Il caso di Giovanni Chiellíno è anch'esso singolare per la coerenza, la duttilità, la visione delle metamorfosi, coniugate all'esperienza che insorge con una materia preziosa, per più fili e profili di specificazione poetica. Essa è inseguita da più evidenze (mai naufraghe), sembianze icastiche e spoglie, fiamme mobili, in più versanti raffinate, conciliabili con una coerenza cospicua, in un itinerario che somiglia molto al suo poeta (senza utopie, né banali pronunce).

La tela della parole legge, quindi, la vita e l'attraversa come una rivolta febbrile e devota, istituendo un libero ed equilibrato territorio di segni suasivamente felice, in un rapporto espositivo a commossa ut pictura poiesis, e maniera in qualche modo doviziosa dello spirito puro: Cantano i mietitori | e il canto si diffonde | per archi di colori, | per onde di vapori | sulla coppa del mondo (da"Mattino con i mietitori", p.296).Qui, il lettore rintraccia un genere di melodia proto novecentesca, in una nostalgia meridionale: più slancio di levità che affaticato leit-motiv evocativo o lento e non privo di liricistico conforto.

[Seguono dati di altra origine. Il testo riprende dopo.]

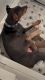 Doberman Pincher puppies available in Brockton MA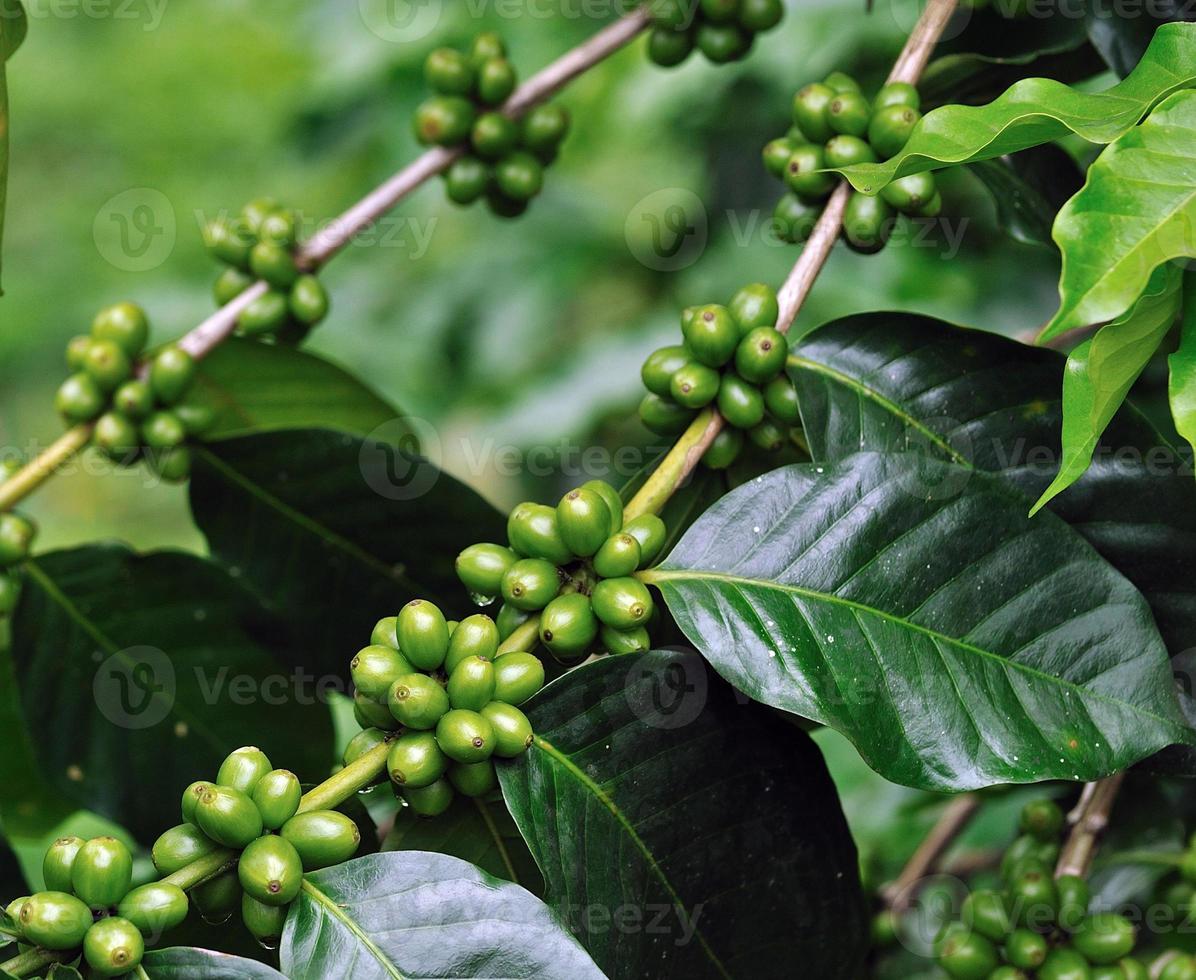 chicchi di caffè non maturi sulla pianta del caffè. foto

Ma gli effetti sognanti, rarefatti, le linfe moltiplicate, che dal poemetto si portano fino ai tersi e inconsumabili haiku, spiegano un autore dal verso vivido che – tra l'altro – rivela (o ripropone?) un pensamiento lirico, tradotto ovunque in verso scolpito e di leggerissima struttura, su consapevole rarefazione (sensu: Giacometti), e puntualmente su immagine distinta e lontana.

In altri stupori (e non divergenze di affiato) l'opera antologica si coglie tra i balenii di una storia privata, e in una filologia in cui la metafora spinge esiti e tempi di quasi solenne condivisione, e ad effetto preciso e dolente e di vortici poco fantastici coniugati a ribellione innaturale, in cui l'effimero brucia più istanze ed evita possibili distrazioni della materia in causa.